If you’re reading this, I reckon that, like me, you were having difficulty solving this LeetCode problem. Or, also like me, you want to lean into understanding recursion better. This is the post for you. We’ll go through my step-by-step solution on how to solve this problem with recursion.

# Problem Statement

Given a collection of **distinct** integers, return all possible permutations.

**Example:**

**Input:** [1,2,3]

**Output:**

[

[1,2,3],

[1,3,2],

[2,1,3],

[2,3,1],

[3,1,2],

[3,2,1]

]

First, I believe it’s a good habit to solve these kinds of problems manually, like a typical person would intuit solving it. And in the process, note the steps you take (i.e. pseudocode). Only then begin translating this to code.

# Doing it manually

We get an array with [1, 2, 3]. If I were to get all the permutations of this, and return it in an array of arrays, this would be my process:

- Take the first element of the array (1), and set it aside.
- Take the remaining elements (2, and 3) and make one permutation with the original order (1, 2, 3), and another one with the original remaining elements (2 , 3), but swapped (3, 2). So now we have two permutations: [1, 2, 3] and [1, 3, 2].
- Next, we should go back to that first step, where we took the 1 aside, but go up one element in the array, and set aside the 2.
- That leaves us with a (1, 3) left. Let’s do the same thing: one permutation with the original order of remaining elements [2, 1, 3], and one with the remaining elements swapped [2, 3, 1]. Now we have four permutations: [1, 2, 3], [1, 3, 2], [2, 1, 3] and [2, 3, 1]
- Finally, we go up again to step 1, but now with the last element of the array: 3.
- We take the remaining elements aside (1, 2) and do one permutation with that: [3, 1, 2], and one with the remaining elements swapped [3, 2, 1]. Now we have six permutations: [1, 2, 3], [1, 3, 2], [2, 1, 3], [2, 3, 1], [3, 1, 2] and [3, 2, 1]. Because we have no more steps to go in that first part of our exercise, when we go through each element one by one, and leave the remaining elements aside, we return all six of our permutations in the form of an array.

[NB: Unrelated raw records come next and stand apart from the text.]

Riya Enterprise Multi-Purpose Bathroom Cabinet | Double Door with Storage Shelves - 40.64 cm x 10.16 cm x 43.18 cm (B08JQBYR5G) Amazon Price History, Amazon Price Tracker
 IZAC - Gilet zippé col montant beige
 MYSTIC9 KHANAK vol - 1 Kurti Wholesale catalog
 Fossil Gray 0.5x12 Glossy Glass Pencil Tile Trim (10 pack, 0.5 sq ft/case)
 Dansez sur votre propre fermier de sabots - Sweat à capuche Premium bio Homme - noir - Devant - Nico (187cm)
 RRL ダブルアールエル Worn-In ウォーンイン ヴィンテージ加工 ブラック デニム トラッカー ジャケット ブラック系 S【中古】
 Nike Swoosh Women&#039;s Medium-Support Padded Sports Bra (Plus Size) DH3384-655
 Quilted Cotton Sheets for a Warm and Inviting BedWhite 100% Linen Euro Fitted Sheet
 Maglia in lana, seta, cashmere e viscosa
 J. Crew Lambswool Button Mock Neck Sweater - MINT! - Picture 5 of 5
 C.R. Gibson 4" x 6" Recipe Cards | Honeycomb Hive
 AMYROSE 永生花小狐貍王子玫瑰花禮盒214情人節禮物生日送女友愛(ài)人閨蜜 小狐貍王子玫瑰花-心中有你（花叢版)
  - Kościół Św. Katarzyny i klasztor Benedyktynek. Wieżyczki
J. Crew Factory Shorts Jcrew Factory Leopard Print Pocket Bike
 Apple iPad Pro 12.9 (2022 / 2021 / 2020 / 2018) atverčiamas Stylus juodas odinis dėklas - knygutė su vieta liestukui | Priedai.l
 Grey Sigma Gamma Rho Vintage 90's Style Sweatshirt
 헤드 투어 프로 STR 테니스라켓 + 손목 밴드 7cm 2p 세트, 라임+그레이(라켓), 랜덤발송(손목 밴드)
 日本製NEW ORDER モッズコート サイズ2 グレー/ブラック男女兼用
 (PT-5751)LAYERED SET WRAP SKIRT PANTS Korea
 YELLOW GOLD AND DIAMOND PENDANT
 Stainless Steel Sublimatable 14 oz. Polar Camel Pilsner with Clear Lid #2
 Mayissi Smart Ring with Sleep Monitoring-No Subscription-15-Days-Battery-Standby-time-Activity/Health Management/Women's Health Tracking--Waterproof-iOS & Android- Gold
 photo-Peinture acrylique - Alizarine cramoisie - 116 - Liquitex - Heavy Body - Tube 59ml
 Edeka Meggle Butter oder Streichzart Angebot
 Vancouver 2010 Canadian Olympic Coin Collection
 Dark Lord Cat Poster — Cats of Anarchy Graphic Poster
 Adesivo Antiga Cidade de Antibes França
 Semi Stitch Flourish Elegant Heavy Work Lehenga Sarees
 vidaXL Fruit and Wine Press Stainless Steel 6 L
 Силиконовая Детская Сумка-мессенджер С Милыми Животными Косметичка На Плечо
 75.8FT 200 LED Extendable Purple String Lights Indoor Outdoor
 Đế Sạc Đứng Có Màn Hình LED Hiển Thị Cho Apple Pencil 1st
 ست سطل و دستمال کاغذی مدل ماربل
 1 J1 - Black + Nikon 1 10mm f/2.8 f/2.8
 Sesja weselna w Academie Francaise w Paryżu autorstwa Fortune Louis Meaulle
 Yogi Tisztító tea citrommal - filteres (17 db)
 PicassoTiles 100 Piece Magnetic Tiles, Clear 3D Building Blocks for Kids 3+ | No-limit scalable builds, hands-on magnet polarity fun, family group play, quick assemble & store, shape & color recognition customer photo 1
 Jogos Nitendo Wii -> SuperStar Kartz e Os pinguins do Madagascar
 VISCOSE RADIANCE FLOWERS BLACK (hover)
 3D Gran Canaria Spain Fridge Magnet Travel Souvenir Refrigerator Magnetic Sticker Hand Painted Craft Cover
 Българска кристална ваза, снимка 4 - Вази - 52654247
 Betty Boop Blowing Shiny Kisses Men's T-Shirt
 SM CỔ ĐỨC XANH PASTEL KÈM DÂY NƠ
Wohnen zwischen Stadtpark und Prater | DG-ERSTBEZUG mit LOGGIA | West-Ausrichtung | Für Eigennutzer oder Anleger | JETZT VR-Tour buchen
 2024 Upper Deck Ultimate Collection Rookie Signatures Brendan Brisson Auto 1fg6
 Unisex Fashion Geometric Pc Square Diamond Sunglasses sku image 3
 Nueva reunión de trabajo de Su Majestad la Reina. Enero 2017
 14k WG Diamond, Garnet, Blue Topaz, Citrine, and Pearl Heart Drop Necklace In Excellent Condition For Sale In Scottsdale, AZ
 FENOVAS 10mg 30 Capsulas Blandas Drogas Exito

This is our algorithm. Note how we have to keep going back to step 1, going up our array, and doing a swap? That is **recursion** in action. We’re taking the problem, breaking it down, and repeating it over and over until we’ve iterated through all the steps. Let’s translate this into code.

# Coding the Solution

Let’s create a function called **permute** that takes an array called **nums** as input. Because we have to return an array of arrays as a result, let’s create an empty array called **result** to house our results. Let’s go ahead and add a return to this solution at the end as well.

function permute(nums) {

let result = [];return result;

}

Next, as we’re dealing with recursion, we have to deal with our base case, or when our recursion should stop. There will be two of these:

- When we don’t have anything left to iterate and/or get an empty input.
- When we just have one element left: the permutation of anything is itself.

Let’s add that:

function permute(nums) {

let result = [];if (nums.length === 0) return [];return result;

if (nums.length === 1) return [nums];

}

Next, let’s create a for loop to iterate through the **nums** array. We’ll also create a variable to house the current number we’re iterating with and call it **currentNum.**

function permute(nums) {

let result = []; if (nums.length === 0) return [];

if (nums.length === 1) return [nums];for (let i = 0; i < nums.length; i++) {

const currentNum = nums[i];

}

return result;

}

Now the interesting parts begin. We’ve set apart the first number in our iteration, but how do we separate the remaining numbers? Here’s one way:

`remainingNums = nums.slice(0, i).concat(nums.slice(i + 1));`

What slice does is return a shallow copy of the array. We need a copy because as we’re iterating, we don’t want to modify the input (nums) itself. So with this line of code we’re taking all the numbers, *except* the one we’re iterating with, and concatenating it together to make another array, and saving it into the variable **remainingNums**.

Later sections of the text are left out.